Ese aparato que siempre está funcionando cuando entras en el salón, y no sabes quién lo encendió. Un vehículo en el que te montas sin querer y sin saber bien a dónde te va a llevar, pero que, irremediablemente, te conduce donde quiere.
De lejos, sin que apenas lo notes, enfrascado como estás en lucha a muerte con una gamba rebelde de la paella, tu cerebro va disfrutando de ese viaje que un vehículo tan atractivo le ofrece. Sonidos, ritmos y colores inmunes a cualquier defensa pasiva.
Así, este verano, como todos desde que tengo uso de razón, nos hemos sentado a la mesa a comer, iluminados por la luz rojiza de los incendios que nos alumbraba a través de la televisión.
Y si piensas que esa defensa pasiva de la indiferencia te mantiene a salvo, estás muerto.
Sin un ejercicio crítico extramuros de la colosal fortaleza mediática que supone la televisión, llegarás a septiembre pensando que los incendios los ha provocado el apocalipsis climático de los 40 grados de toda la vida. Que no hay prevención posible más allá de demoler las imponentes chimeneas de las malvadas centrales térmicas. Aprenderás que limpiar el monte no es cosa baladí, y que ir con una pala retirando las hierbas secas de las cunetas es algo sumamente complicado y peligroso, que requiere de una preparación tan sólo alcanzable por esas cuadrillas de brigadistas que bailan al son de 17 canciones diferentes. Y si te descuidas un poco, y te quedas mirando atentamente la pantalla, te acabarán convenciendo que el incendio lo provocaste tú, por empeñarte en ir con tu coche a un trabajo de mierda.
No sé si es más triste o aterrador.
La tristeza que provoca la degradación del periodismo, o el temor que me produce que una nación, con 50 millones de habitantes, tenga que leerme a mí para conocer la realidad.
A mí.
Un currante de la brocha y el rodillo. Sin estudios. Sin contactos.
Un murciano mal hablado que poda olivos.
Un chaval que se pone un trapo blanco en la cara y nos descubre la cara B de la ideología de género.
Un calvito muy majete que se empeña, todas las tardes, en explicar quién es realmente nuestro amado Presidente del Gobierno.

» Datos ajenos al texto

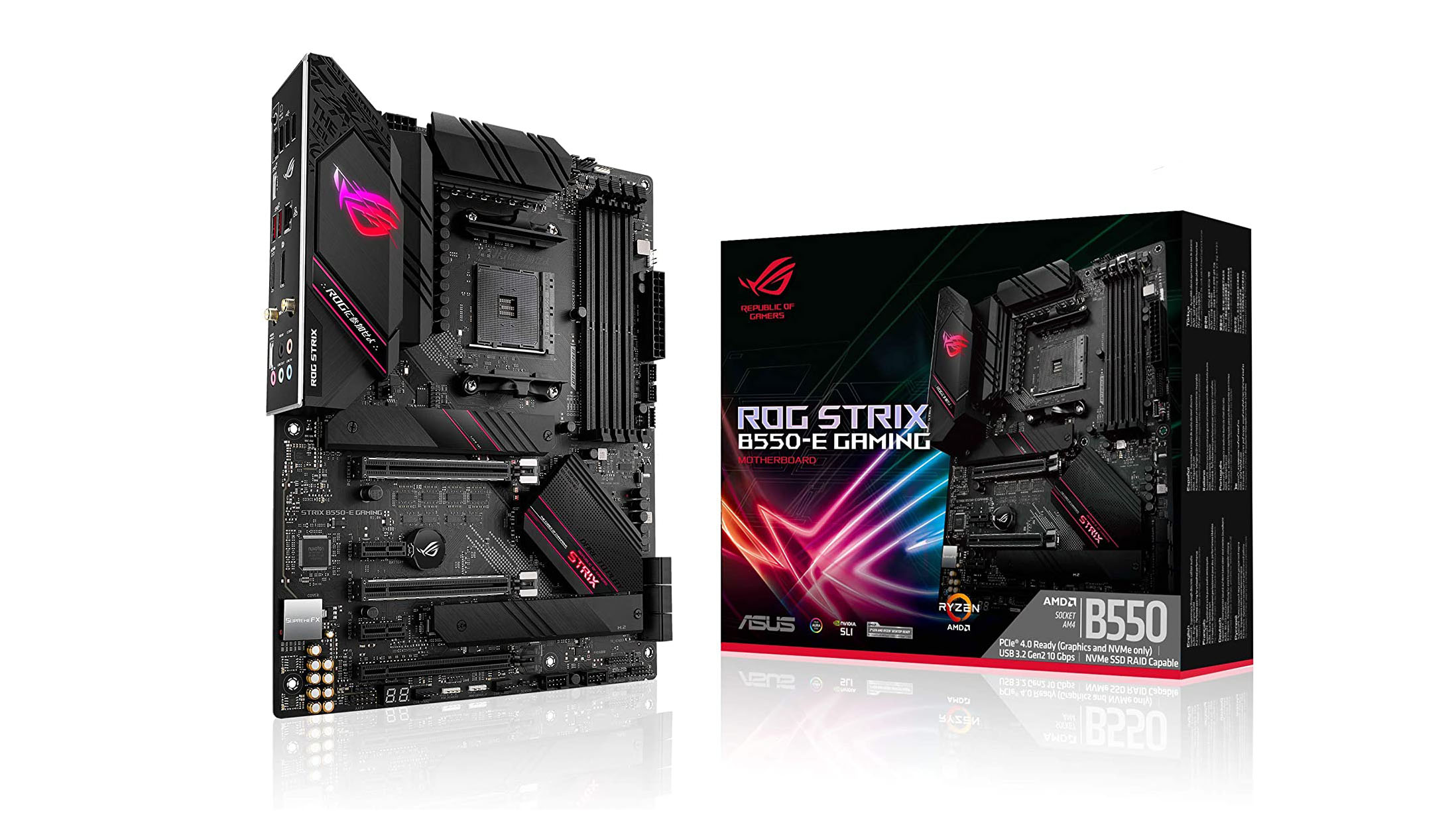 Papọ ti AMD 3rd gen Ryzen chip ti o kan ra pẹlu modaboudu Asus ROG Strix B550-E Gaming.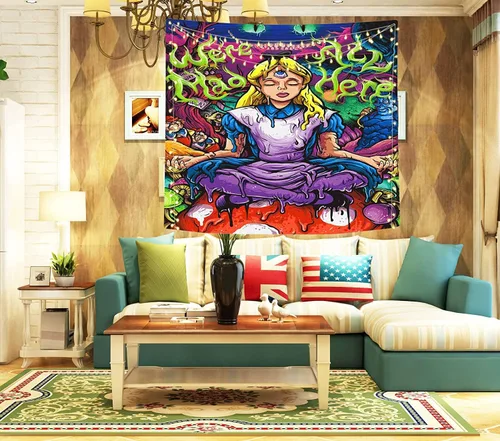 Miniatura 5 de Tapiz de anime para niña, divertido tarot para colgar en la pared, carteles decorativos estéticos diarios para dormitorio, sala de estar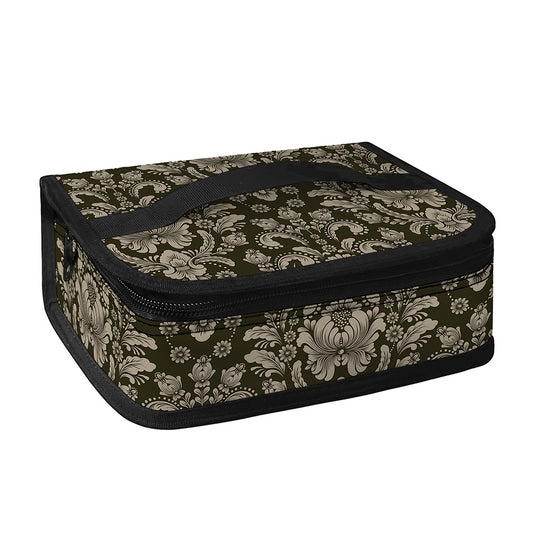Brown Damask Pattern Print Small Lunch Bag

Un grupo de siete taraos que se empeñaron en contar a la gente lo que pasó un 11 de marzo de 2004…
O una gallega anónima en Twitter que nos cuenta la mafia que rodea los incendios en España.
Ninguno de nosotros forma parte (aun) del artista anteriormente conocido como “El cuarto poder”.
Una profesión, la del periodismo, degradada hasta el punto en que sólo se alardea de carnet en el “Sálvame”. Porque el periodismo, como muchas otras facetas de la vida, depende más de valores que de lecturas y títulos. Y el periodismo, sin verdad, se convierte en un megáfono sin alma.
No se me ocurre mejor servicio a España que demoler hasta los cimientos la Facultad de Ciencias de la Información, echar sal después en el solar, y que así jamás vuelva a crecer nada parecido.
Yo, que estoy escribiendo esto, pretendo ser el explosivo.
Tú, que me lees, ¿Quieres ser la sal?